EXERCISE OBJECTIVE: This exercise needs the listing below duplicated exactly.

### DATA SECTION

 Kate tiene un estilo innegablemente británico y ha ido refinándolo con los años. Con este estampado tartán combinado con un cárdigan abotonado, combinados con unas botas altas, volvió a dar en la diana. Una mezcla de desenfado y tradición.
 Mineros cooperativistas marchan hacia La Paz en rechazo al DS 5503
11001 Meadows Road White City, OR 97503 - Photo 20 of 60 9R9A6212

######

REPLY:
 Kate tiene un estilo innegablemente británico y ha ido refinándolo con los años. Con este estampado tartán combinado con un cárdigan abotonado, combinados con unas botas altas, volvió a dar en la diana. Una mezcla de desenfado y tradición.
 Mineros cooperativistas marchan hacia La Paz en rechazo al DS 5503
11001 Meadows Road White City, OR 97503 - Photo 20 of 60 9R9A6212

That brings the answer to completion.